Premium
The Generalizability of Scores for a Performance Assessment Scored with a Computer‐Automated Scoring System
Author(s) -
Clauser Brian E.,
Harik Polina,
Clyman Stephen G.
Publication year - 2000
Publication title -
journal of educational measurement
Language(s) - English
Resource type - Journals
SCImago Journal Rank - 1.917
H-Index - 47
eISSN - 1745-3984
pISSN - 0022-0655
DOI - 10.1111/j.1745-3984.2000.tb01085.x
Subject(s) - generalizability theory , psychology , test validity , evaluation methods , psychometrics , computer science , applied psychology , clinical psychology , reliability engineering , developmental psychology , engineering
When performance assessments are delivered and scored by computer, the costs of scoring may be substantially lower than those of scoring the same assessment based on expert review of the individual performances.

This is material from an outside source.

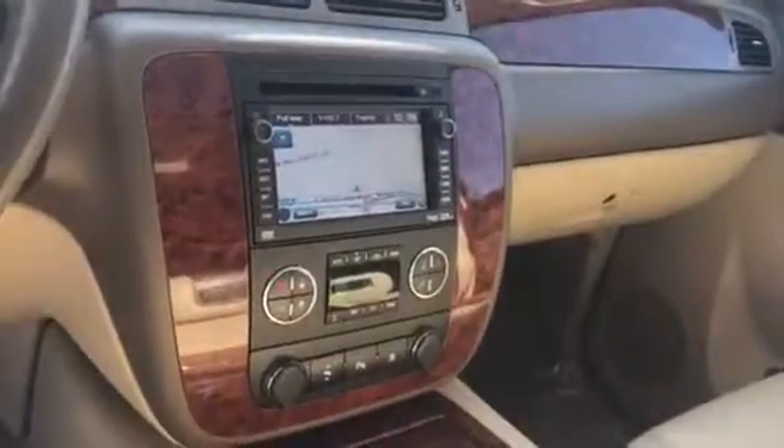Just want to show you the interior here. Everything is in really, really great condition. You can see the tan leather interior — no stains, rips, tears, or anything like that in any of the seats. You do have the DVD player, sunroof, navigation, dual climate control, remote start. Heated and cooled seats. I mean, this thing really is fully loaded.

Computerized scoring algorithms also ensure that the scoring rules are implemented precisely and uniformly. Such computerized algorithms represent an effort to encode the scoring policies of experts. This raises the question, would a different group of experts have produced a meaningfully different algorithm? The research reported in this paper uses generalizability theory to assess the impact of using independent, randomly equivalent groups of experts to develop the scoring algorithms for a set of computer‐simulation tasks designed to measure physicians’ patient management skills. The results suggest that the impact of this “expert group” effect may be significant but that it can be controlled with appropriate test development strategies. The appendix presents multivariate generalizability analysis to examine the stability of the assessed proficiency across scores representing the scoring policies of different groups of experts.